§ **What to do**
What you return must be the lines of the data that hold the word "Sticker".

━━━━━━━━━━━━━━━━━━━━━━━━━━━━━━

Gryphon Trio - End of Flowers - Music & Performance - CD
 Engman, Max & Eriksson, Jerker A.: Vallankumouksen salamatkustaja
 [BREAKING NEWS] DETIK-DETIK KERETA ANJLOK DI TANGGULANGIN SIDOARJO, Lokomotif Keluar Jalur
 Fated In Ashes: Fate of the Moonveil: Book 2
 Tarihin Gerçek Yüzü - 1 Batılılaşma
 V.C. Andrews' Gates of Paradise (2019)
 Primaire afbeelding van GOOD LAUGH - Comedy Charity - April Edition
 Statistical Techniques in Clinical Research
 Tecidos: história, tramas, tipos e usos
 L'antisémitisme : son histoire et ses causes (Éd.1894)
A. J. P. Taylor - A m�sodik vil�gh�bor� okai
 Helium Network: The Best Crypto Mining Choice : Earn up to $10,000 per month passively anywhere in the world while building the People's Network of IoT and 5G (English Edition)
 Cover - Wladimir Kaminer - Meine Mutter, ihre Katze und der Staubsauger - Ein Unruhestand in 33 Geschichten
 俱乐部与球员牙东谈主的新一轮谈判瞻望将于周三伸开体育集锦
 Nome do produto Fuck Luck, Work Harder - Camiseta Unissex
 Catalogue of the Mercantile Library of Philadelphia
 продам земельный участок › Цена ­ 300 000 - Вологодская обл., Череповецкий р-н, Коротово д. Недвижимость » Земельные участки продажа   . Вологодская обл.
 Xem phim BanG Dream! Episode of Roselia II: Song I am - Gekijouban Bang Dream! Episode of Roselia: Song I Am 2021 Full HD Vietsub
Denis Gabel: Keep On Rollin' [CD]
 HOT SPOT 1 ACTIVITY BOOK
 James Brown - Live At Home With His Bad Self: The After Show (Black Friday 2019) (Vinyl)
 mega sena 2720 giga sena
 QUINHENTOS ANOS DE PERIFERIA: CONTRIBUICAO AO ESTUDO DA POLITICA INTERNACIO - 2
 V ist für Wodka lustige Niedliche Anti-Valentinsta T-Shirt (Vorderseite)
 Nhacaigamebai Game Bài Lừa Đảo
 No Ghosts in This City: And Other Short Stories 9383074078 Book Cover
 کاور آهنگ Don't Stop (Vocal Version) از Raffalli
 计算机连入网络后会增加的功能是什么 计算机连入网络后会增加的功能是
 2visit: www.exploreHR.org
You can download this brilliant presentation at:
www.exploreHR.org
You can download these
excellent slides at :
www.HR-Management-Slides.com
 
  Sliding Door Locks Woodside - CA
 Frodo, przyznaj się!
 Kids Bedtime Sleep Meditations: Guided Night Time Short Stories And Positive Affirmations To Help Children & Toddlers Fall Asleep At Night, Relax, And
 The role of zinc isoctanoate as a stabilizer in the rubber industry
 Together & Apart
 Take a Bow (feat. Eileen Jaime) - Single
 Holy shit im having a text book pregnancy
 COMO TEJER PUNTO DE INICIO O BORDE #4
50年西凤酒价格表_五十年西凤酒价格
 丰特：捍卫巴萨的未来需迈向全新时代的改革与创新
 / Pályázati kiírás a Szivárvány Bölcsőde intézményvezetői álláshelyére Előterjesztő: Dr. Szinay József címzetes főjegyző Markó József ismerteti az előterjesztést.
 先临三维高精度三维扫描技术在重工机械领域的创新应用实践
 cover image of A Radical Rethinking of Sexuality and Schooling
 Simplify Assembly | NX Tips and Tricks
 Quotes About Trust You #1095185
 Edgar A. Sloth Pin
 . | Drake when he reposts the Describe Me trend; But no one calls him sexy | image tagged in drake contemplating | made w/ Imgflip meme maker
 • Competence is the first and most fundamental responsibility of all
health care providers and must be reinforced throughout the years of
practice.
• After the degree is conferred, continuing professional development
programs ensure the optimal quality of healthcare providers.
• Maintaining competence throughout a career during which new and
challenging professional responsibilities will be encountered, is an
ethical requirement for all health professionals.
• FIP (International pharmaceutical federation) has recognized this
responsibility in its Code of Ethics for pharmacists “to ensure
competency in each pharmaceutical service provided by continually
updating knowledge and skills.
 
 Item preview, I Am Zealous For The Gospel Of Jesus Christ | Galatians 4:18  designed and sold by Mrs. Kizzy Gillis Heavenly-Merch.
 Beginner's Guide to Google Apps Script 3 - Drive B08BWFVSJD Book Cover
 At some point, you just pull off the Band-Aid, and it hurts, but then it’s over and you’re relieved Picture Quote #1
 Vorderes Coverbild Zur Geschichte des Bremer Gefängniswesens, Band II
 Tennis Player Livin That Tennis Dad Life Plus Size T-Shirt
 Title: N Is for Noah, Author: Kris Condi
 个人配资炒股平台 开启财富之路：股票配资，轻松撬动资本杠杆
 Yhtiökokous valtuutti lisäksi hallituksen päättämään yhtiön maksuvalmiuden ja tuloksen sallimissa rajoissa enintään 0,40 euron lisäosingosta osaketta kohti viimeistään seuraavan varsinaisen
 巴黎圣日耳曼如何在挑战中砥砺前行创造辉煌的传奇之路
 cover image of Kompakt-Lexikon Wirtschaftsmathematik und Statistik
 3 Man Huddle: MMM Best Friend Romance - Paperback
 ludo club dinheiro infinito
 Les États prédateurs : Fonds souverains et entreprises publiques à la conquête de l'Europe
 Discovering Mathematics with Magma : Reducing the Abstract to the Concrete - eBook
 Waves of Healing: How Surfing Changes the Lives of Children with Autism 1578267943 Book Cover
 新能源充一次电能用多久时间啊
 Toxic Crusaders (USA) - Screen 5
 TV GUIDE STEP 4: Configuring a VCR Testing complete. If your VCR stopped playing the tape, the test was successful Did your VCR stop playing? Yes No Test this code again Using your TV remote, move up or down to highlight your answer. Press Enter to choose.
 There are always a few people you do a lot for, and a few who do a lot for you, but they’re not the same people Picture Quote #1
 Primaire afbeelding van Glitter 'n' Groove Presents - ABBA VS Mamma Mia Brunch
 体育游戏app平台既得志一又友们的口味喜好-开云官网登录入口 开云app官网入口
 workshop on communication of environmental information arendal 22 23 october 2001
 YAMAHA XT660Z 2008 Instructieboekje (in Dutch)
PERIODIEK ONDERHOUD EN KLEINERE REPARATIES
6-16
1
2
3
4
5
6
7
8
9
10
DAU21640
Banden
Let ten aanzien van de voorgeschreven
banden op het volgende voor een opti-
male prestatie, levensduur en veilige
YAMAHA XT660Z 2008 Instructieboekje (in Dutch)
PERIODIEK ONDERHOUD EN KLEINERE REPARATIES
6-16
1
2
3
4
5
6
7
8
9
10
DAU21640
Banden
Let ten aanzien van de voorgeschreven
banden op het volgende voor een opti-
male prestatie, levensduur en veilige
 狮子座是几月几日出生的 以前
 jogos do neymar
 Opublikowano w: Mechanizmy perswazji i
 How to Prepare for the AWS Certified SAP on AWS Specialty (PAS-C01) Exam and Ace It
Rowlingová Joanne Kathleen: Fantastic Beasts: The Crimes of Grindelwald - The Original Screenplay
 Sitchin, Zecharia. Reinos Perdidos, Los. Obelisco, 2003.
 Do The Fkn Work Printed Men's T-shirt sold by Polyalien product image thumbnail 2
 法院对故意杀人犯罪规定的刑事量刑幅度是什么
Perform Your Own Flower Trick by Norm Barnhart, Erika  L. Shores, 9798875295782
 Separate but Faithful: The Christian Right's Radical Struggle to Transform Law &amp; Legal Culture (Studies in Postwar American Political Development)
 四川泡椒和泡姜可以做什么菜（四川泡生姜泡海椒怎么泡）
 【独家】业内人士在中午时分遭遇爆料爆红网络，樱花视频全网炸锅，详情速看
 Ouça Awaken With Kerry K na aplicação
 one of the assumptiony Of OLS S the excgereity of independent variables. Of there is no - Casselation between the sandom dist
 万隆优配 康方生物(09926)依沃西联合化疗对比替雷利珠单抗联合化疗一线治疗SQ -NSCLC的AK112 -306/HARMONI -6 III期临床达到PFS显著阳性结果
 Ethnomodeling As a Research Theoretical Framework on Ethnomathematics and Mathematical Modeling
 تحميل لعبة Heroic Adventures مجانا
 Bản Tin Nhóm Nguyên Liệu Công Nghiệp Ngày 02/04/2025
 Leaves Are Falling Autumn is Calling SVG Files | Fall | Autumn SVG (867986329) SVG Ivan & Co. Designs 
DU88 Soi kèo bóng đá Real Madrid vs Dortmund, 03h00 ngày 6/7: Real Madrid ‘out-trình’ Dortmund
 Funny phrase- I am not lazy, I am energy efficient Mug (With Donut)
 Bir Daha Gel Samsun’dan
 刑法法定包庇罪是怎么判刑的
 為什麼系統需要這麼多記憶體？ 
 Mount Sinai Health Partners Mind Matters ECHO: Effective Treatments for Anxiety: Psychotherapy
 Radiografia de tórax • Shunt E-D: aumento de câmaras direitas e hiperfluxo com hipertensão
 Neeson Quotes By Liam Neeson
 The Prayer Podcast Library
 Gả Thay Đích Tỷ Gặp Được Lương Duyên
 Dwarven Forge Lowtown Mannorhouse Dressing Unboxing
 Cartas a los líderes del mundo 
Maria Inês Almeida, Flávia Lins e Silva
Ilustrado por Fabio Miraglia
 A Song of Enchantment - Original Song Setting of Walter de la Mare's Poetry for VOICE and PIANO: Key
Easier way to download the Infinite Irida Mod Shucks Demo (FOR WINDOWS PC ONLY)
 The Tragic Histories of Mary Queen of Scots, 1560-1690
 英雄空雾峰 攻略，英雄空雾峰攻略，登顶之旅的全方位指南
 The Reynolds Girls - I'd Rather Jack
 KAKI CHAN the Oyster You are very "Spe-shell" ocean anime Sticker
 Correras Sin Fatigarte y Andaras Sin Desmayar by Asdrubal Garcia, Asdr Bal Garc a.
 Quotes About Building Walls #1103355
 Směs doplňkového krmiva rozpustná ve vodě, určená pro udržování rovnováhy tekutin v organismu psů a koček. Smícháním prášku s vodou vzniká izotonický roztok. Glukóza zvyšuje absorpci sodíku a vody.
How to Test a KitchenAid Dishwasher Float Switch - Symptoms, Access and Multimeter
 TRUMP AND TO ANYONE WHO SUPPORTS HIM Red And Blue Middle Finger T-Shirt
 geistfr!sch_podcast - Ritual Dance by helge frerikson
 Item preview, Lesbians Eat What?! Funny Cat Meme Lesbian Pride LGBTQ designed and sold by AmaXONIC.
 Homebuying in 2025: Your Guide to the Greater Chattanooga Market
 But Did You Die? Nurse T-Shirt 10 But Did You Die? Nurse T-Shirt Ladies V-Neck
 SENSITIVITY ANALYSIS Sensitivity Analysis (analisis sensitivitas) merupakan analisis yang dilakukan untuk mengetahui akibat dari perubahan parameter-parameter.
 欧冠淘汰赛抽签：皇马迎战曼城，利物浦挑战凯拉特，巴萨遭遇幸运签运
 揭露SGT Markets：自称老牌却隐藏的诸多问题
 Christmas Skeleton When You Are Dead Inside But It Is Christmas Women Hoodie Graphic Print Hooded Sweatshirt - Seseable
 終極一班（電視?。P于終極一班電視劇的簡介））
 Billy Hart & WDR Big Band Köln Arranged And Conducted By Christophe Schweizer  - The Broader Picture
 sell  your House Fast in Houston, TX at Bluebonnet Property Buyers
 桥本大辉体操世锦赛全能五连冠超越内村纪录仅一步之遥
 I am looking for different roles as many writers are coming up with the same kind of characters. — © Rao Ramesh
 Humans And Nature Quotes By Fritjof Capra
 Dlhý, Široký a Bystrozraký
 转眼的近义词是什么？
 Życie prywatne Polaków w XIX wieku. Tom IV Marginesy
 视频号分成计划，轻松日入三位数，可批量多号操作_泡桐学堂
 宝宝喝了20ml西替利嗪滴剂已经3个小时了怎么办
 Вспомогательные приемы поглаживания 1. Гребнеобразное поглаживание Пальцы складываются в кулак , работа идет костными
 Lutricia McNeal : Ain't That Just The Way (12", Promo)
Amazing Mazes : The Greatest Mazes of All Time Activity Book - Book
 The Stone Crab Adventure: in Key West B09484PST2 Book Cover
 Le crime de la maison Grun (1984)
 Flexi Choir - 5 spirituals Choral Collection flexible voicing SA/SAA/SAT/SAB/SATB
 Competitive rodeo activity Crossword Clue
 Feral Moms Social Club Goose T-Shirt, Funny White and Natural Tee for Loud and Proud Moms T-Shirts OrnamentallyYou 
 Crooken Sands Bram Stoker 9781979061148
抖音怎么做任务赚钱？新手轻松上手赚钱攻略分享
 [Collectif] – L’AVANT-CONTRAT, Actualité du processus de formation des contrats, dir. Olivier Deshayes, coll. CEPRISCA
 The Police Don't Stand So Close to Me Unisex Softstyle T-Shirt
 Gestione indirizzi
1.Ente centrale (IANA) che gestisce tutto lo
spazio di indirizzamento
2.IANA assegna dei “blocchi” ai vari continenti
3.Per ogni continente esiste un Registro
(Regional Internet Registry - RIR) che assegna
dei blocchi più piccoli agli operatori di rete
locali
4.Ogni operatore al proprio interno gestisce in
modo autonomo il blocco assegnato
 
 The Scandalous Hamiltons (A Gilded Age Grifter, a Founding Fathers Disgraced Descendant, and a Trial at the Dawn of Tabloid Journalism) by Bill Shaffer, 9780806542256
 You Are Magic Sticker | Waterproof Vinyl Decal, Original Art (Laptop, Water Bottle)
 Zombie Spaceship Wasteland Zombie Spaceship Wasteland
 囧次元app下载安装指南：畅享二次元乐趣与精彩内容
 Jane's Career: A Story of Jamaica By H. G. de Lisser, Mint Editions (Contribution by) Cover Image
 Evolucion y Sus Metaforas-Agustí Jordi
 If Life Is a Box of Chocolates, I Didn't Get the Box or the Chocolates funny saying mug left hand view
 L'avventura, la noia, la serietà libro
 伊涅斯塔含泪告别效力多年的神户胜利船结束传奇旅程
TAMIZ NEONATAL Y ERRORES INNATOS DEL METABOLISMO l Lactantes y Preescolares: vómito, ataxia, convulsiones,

━━━━━━━━━━━━━━━━━━━━━━━━━━━━━━

§ **Answer for the task**
 KAKI CHAN the Oyster You are very "Spe-shell" ocean anime Sticker
 You Are Magic Sticker | Waterproof Vinyl Decal, Original Art (Laptop, Water Bottle)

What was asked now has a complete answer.